入社したのは、古くから京都の伝統産業を営む会社でした。日本海側の町の出身の子が多く、会社は、高校を卒業した子を「預かって育てる」という意識が高いように思いました。金の卵の時代をそのまま現代に持ち込んだような。

入社式は、わざわざホテルの宴会場を予約して、豪華な食事を用意し、親にも出席してもらうというものでした。田舎の子を預けるのに、親御さん安心してください、という意味があったのかも知れません。

就職活動のときに大人の事情を感じたのは、企業によっては、「自宅から通える者」ということを採用条件にしている会社もあったことです。つまり、私のような下宿性は最初からお呼びでないのが本音だったと思います。どこの馬の骨かもわからない、親元を離れて暮らしている九州の田舎出のねーちゃんを採用してくれたのは、この会社だったからだと思います。

私の卒業した大学は、あの時代ならCanCamやViViなどのファッション雑誌にお洒落な同級生が載っているような学校でしたから、同級生の中には、卒業式で袴姿になったあと、謝恩会でどんなドレスを着て行くかを本気で心配しているような人たちもいました。

就活をしていた同級生は、エアライン系とか、ホテルとか、金融とか、私が全然興味のない分野をメインに動いていて、私の就職先が決まって喜んでいると、「えーっ、まだまだチャンスはあるから、もっと受けたらいいのに」などと、失礼なことを言い放つのでした。

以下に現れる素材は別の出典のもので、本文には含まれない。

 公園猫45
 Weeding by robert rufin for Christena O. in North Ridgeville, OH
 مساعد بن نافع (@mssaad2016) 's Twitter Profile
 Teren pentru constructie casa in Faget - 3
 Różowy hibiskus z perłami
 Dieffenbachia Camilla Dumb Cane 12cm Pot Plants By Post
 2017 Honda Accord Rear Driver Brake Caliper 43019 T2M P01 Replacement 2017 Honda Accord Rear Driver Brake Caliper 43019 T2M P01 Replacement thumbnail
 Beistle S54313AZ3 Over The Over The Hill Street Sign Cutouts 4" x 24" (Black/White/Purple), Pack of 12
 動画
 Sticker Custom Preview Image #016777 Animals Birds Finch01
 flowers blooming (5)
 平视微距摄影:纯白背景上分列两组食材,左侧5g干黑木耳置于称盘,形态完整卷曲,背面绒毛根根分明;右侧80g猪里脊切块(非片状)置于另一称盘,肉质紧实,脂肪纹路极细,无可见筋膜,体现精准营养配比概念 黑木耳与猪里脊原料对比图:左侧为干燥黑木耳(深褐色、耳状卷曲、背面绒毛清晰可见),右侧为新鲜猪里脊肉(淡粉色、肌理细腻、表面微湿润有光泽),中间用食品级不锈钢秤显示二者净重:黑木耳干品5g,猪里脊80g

みんなが華やかな姿で卒業式に出ているときに、私は就活で使ったリクルートスーツを着て入社式に出席しました。あの時は一日でも早く仕事を覚えて、「キャリアウーマンになりたい」とまっすぐに思っていたんです。思う…ふりをしていたかも。しなきゃやってられなかったんですね、たぶん。

綺麗な着物も袴も、髪飾りも、編み上げのブーツもなく、友達もそれぞれの生活がはじまり、後日、ひとり寂しく、大学の守衛さんにお願いしてレンガの講堂の前で写真を撮ってもらいました。

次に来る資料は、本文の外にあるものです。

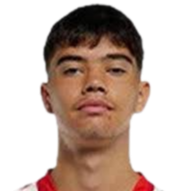 米尔扎·卡托维奇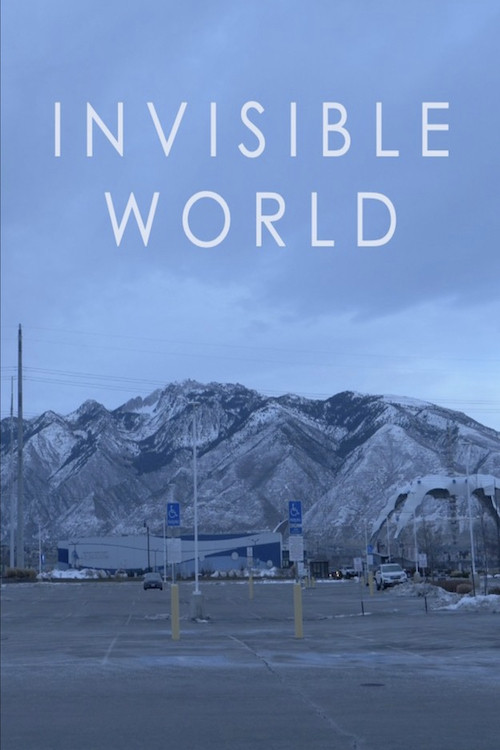 Invisible World (2022) poster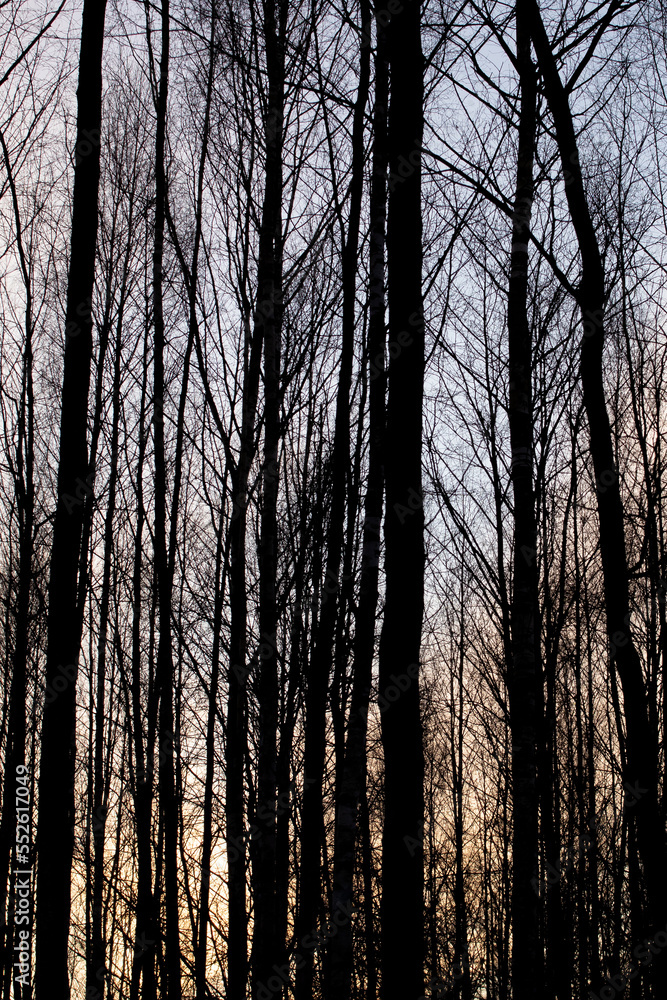 Fototapeta premium View of bare trees in the forest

写真が現像されると、学生の顔ではなく、すでに会社員の顔をしていて、ほんの少し前のことなのに、本当に私はこの学校に通っていたのだろうか?、という気持ちになったのを覚えています。その時々の節目に写真を撮ることの大切さはこういうことなのだな、と感じました。

 

追記:会社の同期で、大卒で入社した子は全員、実はこの日が大学の卒業式だったと、お互いに話していて分かりました。でも、同期の中で、人事部に交渉して、ちゃっかり大学の卒業式と謝恩会に出席してから、入社式後の研修に参加した子がいたことも分かりました。だからと言って、彼女の、その後の出世に響くわけでもなかったです。

これからお世話になる方の組織に合わせるのが当然、と思っていましたから、驚いたのと同時に、本音を言うと、彼女のこの世渡り上手なところがちょっとうらやましくもありました。翌年から、この会社の入社式は4月1日になりました。